=== Material for this exercise ===
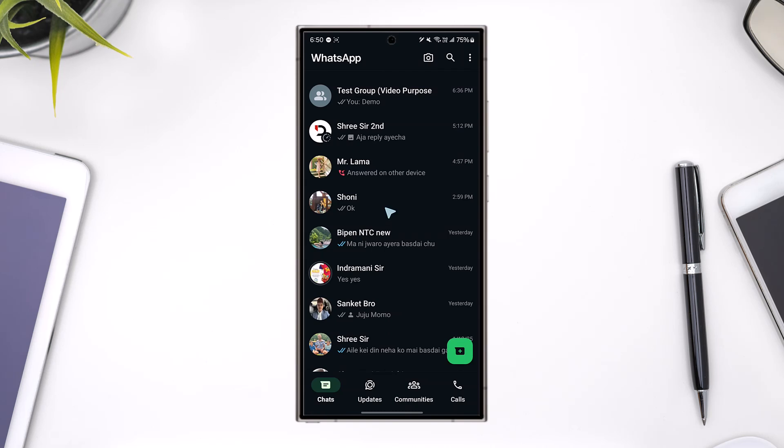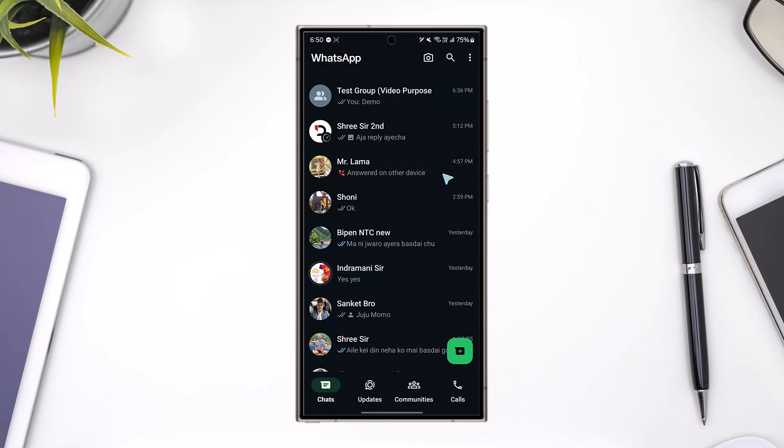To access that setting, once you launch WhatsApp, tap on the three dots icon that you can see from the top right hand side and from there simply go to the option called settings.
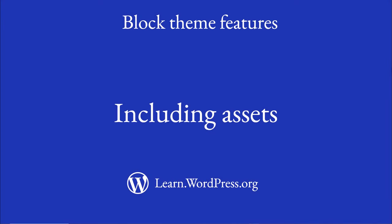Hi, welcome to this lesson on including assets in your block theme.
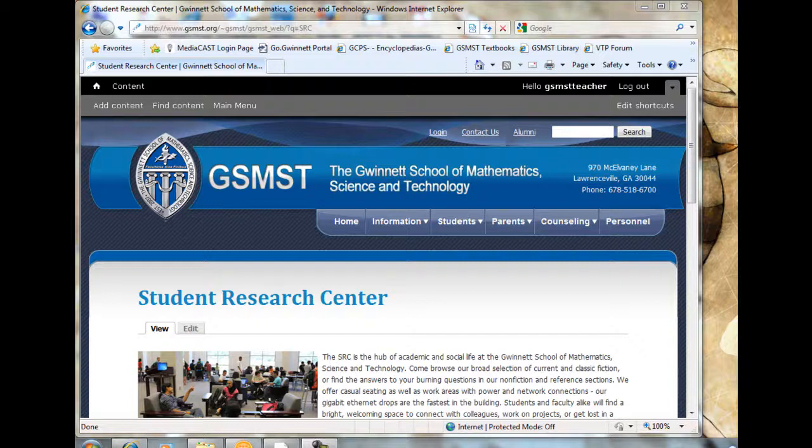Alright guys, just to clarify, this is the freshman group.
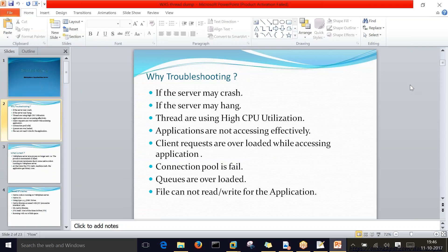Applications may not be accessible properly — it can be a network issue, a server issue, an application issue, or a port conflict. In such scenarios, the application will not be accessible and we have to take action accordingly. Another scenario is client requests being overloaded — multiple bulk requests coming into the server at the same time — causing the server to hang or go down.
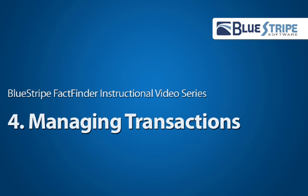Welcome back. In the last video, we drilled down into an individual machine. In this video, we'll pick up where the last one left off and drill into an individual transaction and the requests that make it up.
===
=== Material for this exercise ===
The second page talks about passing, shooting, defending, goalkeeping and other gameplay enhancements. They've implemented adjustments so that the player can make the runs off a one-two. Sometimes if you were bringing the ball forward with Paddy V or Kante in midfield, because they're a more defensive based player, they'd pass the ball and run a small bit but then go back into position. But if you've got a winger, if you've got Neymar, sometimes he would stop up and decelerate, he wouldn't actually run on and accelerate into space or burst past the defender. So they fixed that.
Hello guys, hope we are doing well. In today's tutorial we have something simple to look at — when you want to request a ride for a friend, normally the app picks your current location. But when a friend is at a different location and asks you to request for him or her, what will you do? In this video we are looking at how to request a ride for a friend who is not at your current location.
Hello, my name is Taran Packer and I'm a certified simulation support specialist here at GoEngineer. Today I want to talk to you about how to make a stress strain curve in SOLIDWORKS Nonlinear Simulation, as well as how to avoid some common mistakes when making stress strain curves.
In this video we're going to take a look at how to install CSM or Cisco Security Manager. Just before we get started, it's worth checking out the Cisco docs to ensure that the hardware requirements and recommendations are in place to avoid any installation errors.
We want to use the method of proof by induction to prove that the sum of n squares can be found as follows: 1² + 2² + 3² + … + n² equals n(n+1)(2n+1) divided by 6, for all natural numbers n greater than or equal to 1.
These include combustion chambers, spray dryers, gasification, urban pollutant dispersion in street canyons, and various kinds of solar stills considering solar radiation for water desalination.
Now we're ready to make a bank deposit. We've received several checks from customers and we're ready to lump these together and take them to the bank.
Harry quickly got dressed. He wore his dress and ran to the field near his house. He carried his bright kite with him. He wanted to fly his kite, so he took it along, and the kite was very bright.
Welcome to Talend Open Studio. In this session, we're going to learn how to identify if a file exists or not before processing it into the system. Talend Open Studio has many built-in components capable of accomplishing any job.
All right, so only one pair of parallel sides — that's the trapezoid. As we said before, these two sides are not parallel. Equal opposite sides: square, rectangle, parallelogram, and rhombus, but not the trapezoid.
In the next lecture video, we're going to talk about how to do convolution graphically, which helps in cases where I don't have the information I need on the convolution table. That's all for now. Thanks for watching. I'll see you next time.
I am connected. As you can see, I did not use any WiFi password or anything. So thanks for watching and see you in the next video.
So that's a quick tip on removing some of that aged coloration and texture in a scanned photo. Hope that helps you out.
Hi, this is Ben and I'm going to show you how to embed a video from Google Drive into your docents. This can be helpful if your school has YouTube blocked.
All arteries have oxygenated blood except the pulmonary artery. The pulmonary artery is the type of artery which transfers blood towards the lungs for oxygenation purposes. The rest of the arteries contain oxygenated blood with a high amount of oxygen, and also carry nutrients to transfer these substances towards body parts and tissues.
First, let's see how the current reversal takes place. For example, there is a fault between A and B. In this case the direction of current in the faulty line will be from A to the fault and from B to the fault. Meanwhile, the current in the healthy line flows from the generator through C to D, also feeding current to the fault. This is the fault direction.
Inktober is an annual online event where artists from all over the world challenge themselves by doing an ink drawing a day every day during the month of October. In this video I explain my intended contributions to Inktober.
===
Problem to work on = In the records above, how many lines include the string "look"? Answer with only the number.

Solution to this task = 2